Without changing a word, copy every line of the listing below and leave out the images.

Supplied data: Begin

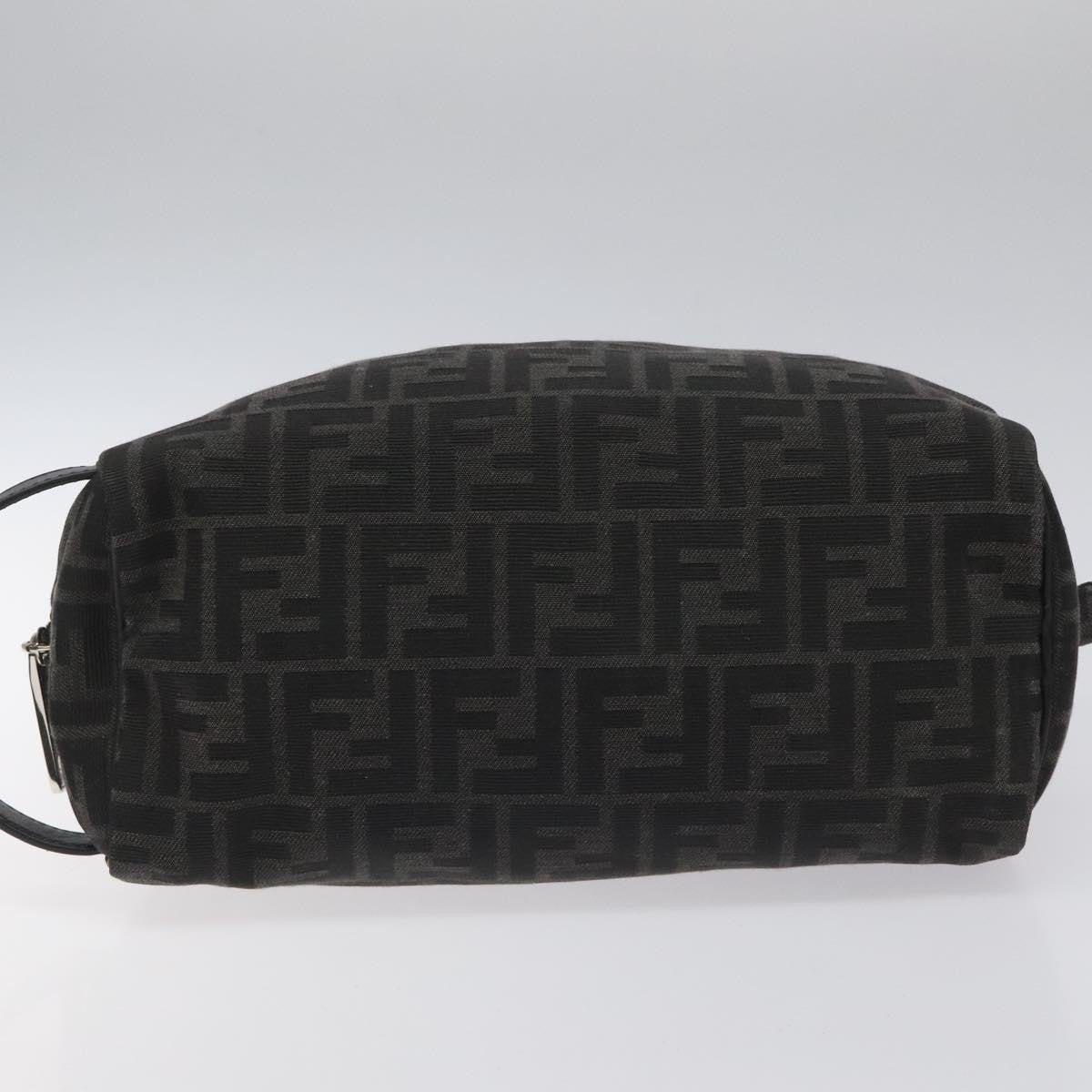 Fendi Toiletry Pouch Zucca Canvas, BLACK, CANVAS, Clutche & pouche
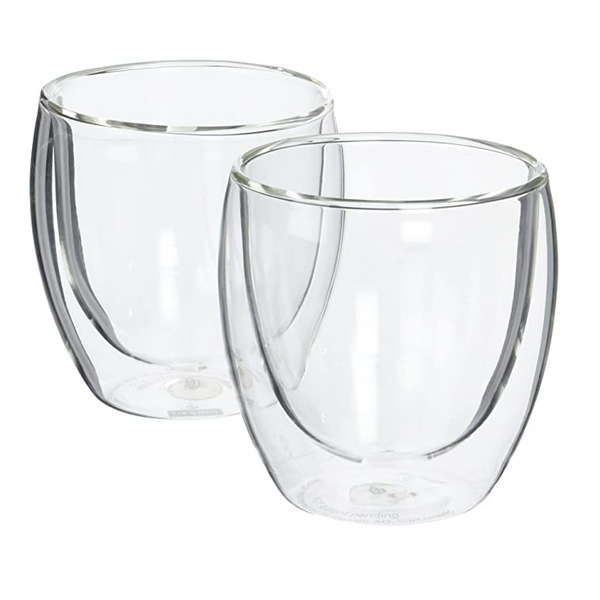 Set of 2 Double Walled Glasses -250ml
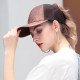 Glitter Ponytail Baseball Cap Women Snapback Summer Mesh Hat Female Messy Bun Hats Casual Adjustable Streetwear Hip Hop Cap 2019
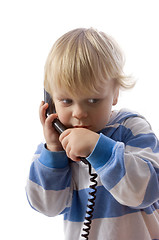 Image showing Boy on phone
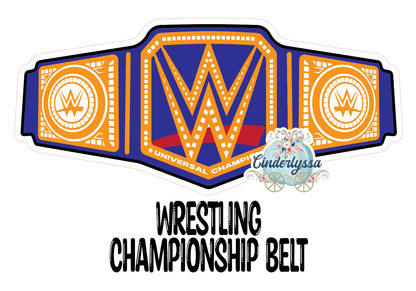 Wrestling Championship Belt WWE Cardstock Silicone Mold, Aroma Bead Molds, Premium Cardstock Images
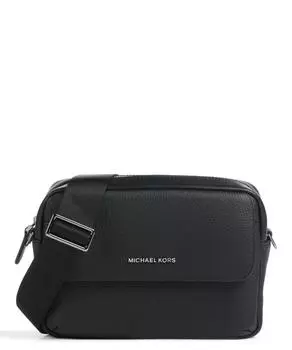 Сумка через плечо Hudson из зерненой яловой кожи Michael Kors, черный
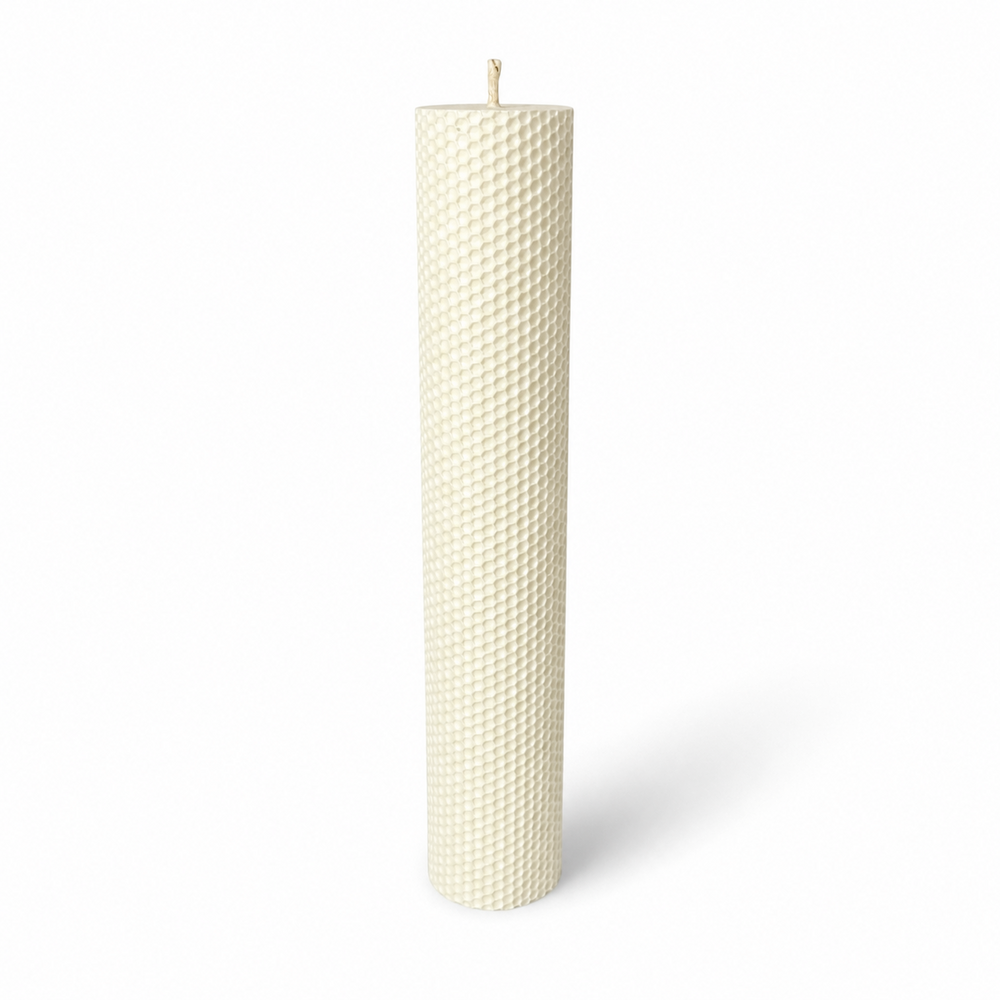 Lumânare din ceară de albine tip fagure, 35 cm, culoare crem NR. 2 - 35060TFC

Supplied data: End

**Result of the task:**
 Fendi Toiletry Pouch Zucca Canvas, BLACK, CANVAS, Clutche & pouche
 Set of 2 Double Walled Glasses -250ml
 Glitter Ponytail Baseball Cap Women Snapback Summer Mesh Hat Female Messy Bun Hats Casual Adjustable Streetwear Hip Hop Cap 2019
 Image showing Boy on phone
 Wrestling Championship Belt WWE Cardstock Silicone Mold, Aroma Bead Molds, Premium Cardstock Images
 Сумка через плечо Hudson из зерненой яловой кожи Michael Kors, черный
 Lumânare din ceară de albine tip fagure, 35 cm, culoare crem NR. 2 - 35060TFC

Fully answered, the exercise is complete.